Mid-Bass Horn Cabinet No.1274

In this blog post I would like to feature full objective test data on the Mid-Bass Horn Cabinet No.1274.  

1274 includes the following features:

  • Dual B&C 12PE32 per cabinet 
  • 109dB sensitivity @ 1watt (4v)
  • 16ohm nominal impedance  
  • 110Hz-450Hz ±2dB 
  • Compact folded design
  • 100dB Maximum SPL (Less than 0.30% Intermodulation Distortion)  
  • 110dB Maximum SPL (Less than 1% Intermodulation Distortion) 
  • 120dB Maximum SPL (Less than 10% Intermodulation Distortion) 

Construction

The 1274 mid-bass is constructed from 27 layers of 24mm thick baltic birch plywood.  Each layer is CNC machined and assembled with threaded rod.  The top and bottom layers are constructed from 50mm thick solid walnut.  Each of the two drivers are housed in a 25 liter sealed chamber.  Each driver faces directly down the horn throat.   The horn profile is designed carefully in using hornresp horn simulation software.  CNC cutting was done on my CNC and only required basic 2-axis machining. 

Physical Dimensions

Below is a general assembly drawing of the 1274 mid-bass cabinet.  The ES-290 Biradial is positioned at an 840mm (33") listening height while the ES-1200 Biradial is positioned at a 1030mm (40.50") listening height. 

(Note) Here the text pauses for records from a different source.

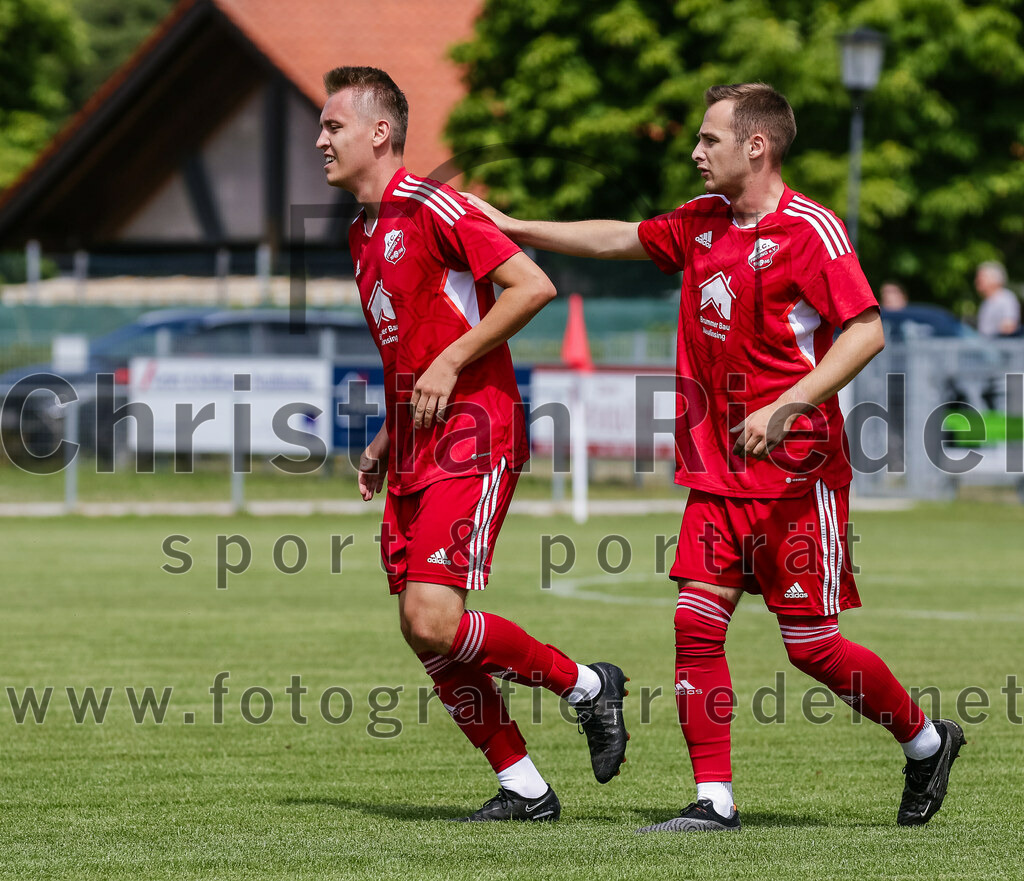 2023-07-08_054_FC_Finsing_gegen_SG_Markt_Schwaben | Finsing, Deutschland, 08.07.2023:
Fußball, Kreisliga 2023 / 2024, Testspiel, FC Finsing gegen SG Markt Schwaben, Endergebnis: 7:0

Jubel nach dem 2:0 durch Marco Simml (FC Finsing, #19), Andre Huber (FC Finsing, #9)

Foto: Christian Riedel / fotografie-riedel.net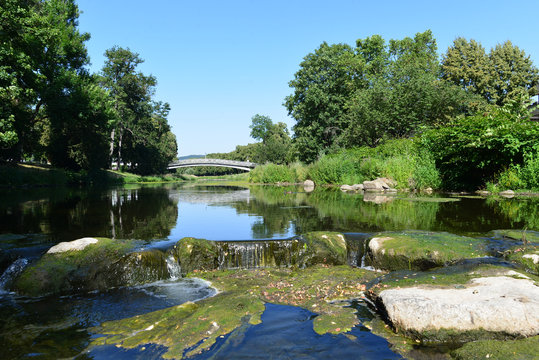 Die Ahr in Bad Neuenahr-Ahrweiler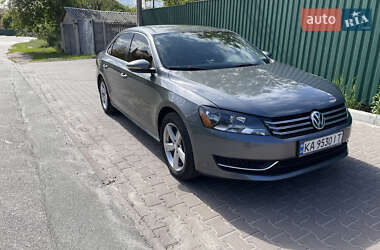 Седан Volkswagen Passat 2012 в Киеве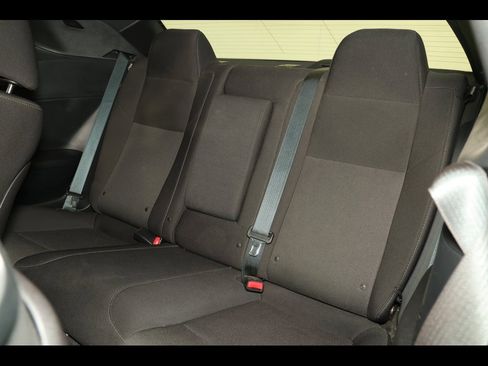 Used 2016 Dodge Challenger R/T image 30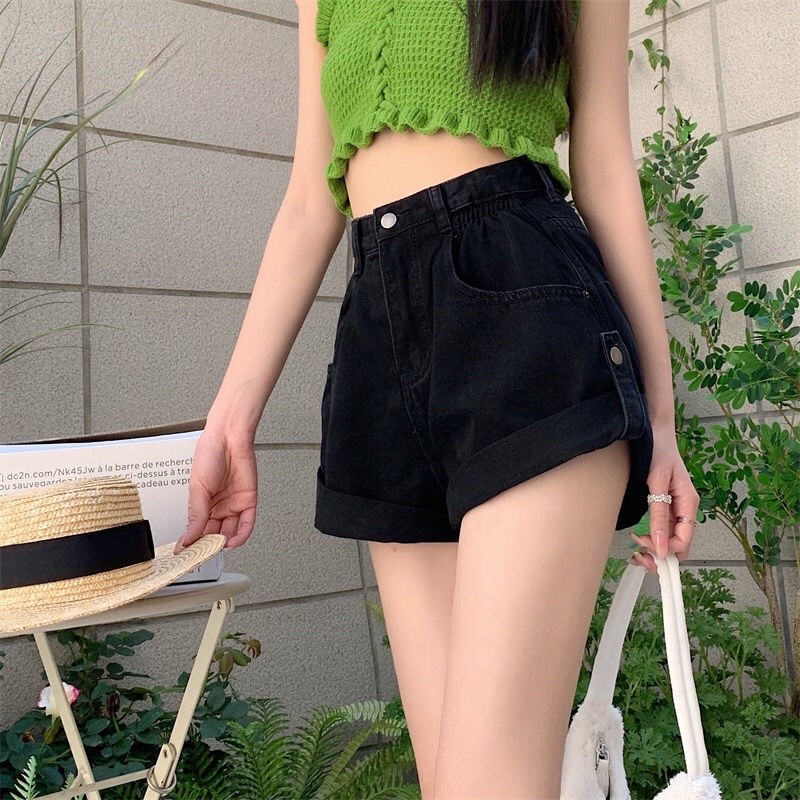 Quần sooc jean chất bò mềm , cạp có chun trên , lưng cao hách dáng
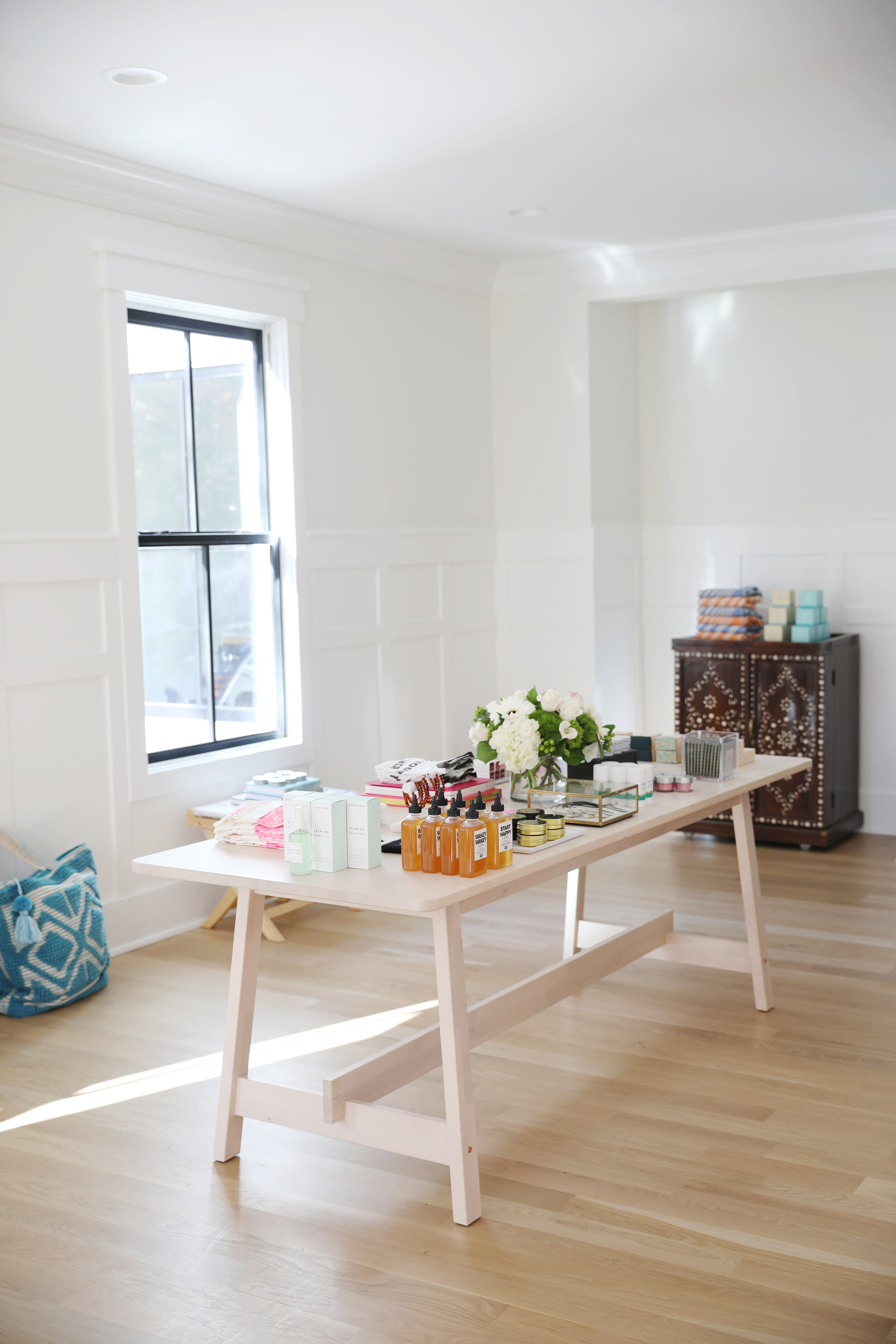 NYC and NJ based lifestyle, interiors, branding, photographer JENNIFER LAVELLE PHOTOGRAPHY - ROSE CITY BEAUTY, Madison, NJ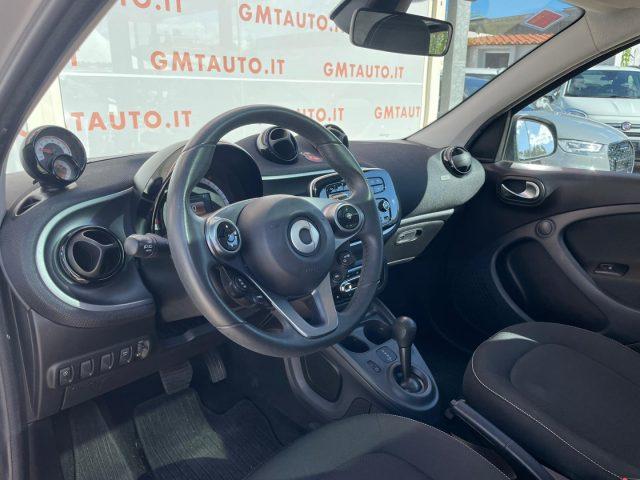 SMART ForFour 1.0 71CV PASSION LED AUTOMATICA NEOPATENTATI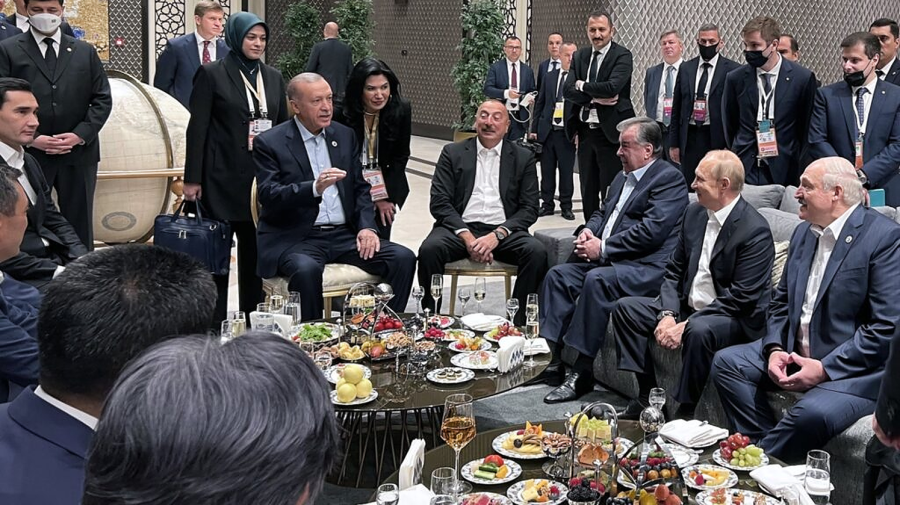 Imaginea care dezvăluie ierarhia puterii. Putin, înghesuit pe o canapea, privind cu respect la sultanul Erdogan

Below are some render images:

 

Construction Photos 

Below are some photos of the construction process.  Please note this images are not of the finished product.  The photos don't show walnut top/bottom plinths or sanding or staining.  

Below is the horn dry assembled for testing purposes, unstained and without the walnut top/bottom plinths.  My projector remote control is shown for scale.  The subwoofer drivers on the left of the photo are 15". 

Objective Test Data

Frequency Response 

Below is the frequency response.  I'm getting ±2dB from 110Hz - 450Hz.  Above 450Hz we see a gentle 12dB/octave falling response.  Below 110Hz we also see a 12dB/octave slope although is falls a little steep just below 110Hz.  Please note that these measurements were taken in my studio with the mic placed at 30cm from the horn mouth.  I did not gate the frequency response so I am likely getting some room interaction causing some peaks and dips in the response. 

Step Response 

The step response is generally well behaved.

Burst Decay 

The burst decay shows nothing significant in terms of resonances.  The vertical scale has been increased to -35dB to highlight performance. 

Impedance Sweep 

Below is the impedance sweep.  The fundamental system resonance is 56Hz. The rear chamber is 25 liters for each driver.  This keeps the FS an octave below the Fc (Horn cutoff frequency) for a flat phase response across the horn's frequency bandwidth (110Hz-450Hz).

Harmonic Distortion

Below is a harmonic distortion sweep at various SPL levels.  Generally the mid-bass horn achieves HD levels well below 0.1%.  I placed my mic right at the horn mouth which caused a slight falling response past 200Hz. 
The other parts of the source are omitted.